La base material de este avance reaccionario está en la transformación de las condiciones de vida de amplias capas sociales. La generación nacida en los años 60 y 70 accedió a una cierta estabilidad gracias a la expansión económica y a la consolidación de un Estado del bienestar limitado. Pero esas condiciones ya no existen. Las nuevas generaciones crecen en un escenario de desempleo crónico, imposibilidad de acceder a una vivienda, salarios insuficientes y un mercado laboral basado en la temporalidad y la sobreexplotación. De ahí surge el concepto de “trabajadores pobres”: personas que, aun cumpliendo jornadas completas, no logran escapar de la precariedad.
La socialdemocracia no solo ha sido incapaz de revertir este proceso, sino que ha contribuido a consolidarlo. El PSOE, desde los años 80, asumió como propio el programa neoliberal: privatizaciones, desregulación laboral y subordinación a la Unión Europea y a la OTAN. Esa renuncia histórica a un proyecto de transformación dejó un vacío político que hoy ocupa Vox, presentándose como alternativa “anti-sistema” cuando en realidad no es más que un garante del orden capitalista.
El discurso de Vox se sostiene sobre tres pilares:
- La torpeza y agotamiento del bipartidismo, que ya no convence ni moviliza.
- El descontento de las clases trabajadoras precarizadas, que encuentran en Vox una falsa respuesta a sus problemas materiales.
- El nacionalismo identitario y xenófobo, que promete defender una “cultura hispana” amenazada, reforzando así un imaginario excluyente y reaccionario.
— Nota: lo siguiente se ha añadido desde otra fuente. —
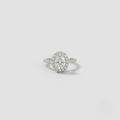 A halo ring featuring a round-cut center stone surrounded by a halo of smaller stones, set on a silver-toned pavé band, photographed on a light gray background.
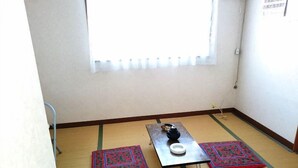 A small room with tatami mats, a table with a black kettle, and a window with blinds. - Share House Miyabi (Hakodate)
El éxito de esta estrategia radica en su sencillez: desplazar el conflicto de clases hacia un conflicto étnico o cultural. En lugar de señalar al empresario que precariza o al banquero que especula, se señala al inmigrante que compite por un puesto de trabajo. En lugar de denunciar al fondo buitre que encarece la vivienda, se denuncia al vecino extranjero que alquila una habitación. Es un mecanismo de distracción política que garantiza la reproducción del capital.
Este fenómeno no es exclusivo de España: lo vemos en toda Europa y en Estados Unidos. En contextos de crisis, el capital siempre se apoya en fuerzas reaccionarias para contener la posibilidad de una salida revolucionaria. El fascismo histórico cumplió ese papel en los años 30; hoy, Vox y otras fuerzas similares ocupan ese lugar.
Frente a esta situación, el reto de la clase trabajadora es recuperar la conciencia de clase y reorganizarse políticamente. No basta con indignarse ni con votar contra Vox: es necesario construir un proyecto socialista que señale con claridad al enemigo de clase y proponga alternativas concretas para transformar la realidad. La rabia debe dirigirse hacia arriba, no hacia los lados.
El enemigo no es el inmigrante, ni el joven sin futuro, ni el vecino precario. El enemigo está en los consejos de administración, en los ministerios al servicio de los empresarios, en las instituciones europeas que dictan la austeridad, en los que amasan fortunas mientras millones viven en la pobreza.
La tarea histórica que tenemos por delante no es elegir entre un neoliberalismo “amable” o una ultraderecha descarada. La única salida real es el socialismo, construido desde la organización obrera, desde la solidaridad internacionalista y desde la lucha consciente contra el capital.
Solo así podremos convertir la desesperanza en fuerza transformadora.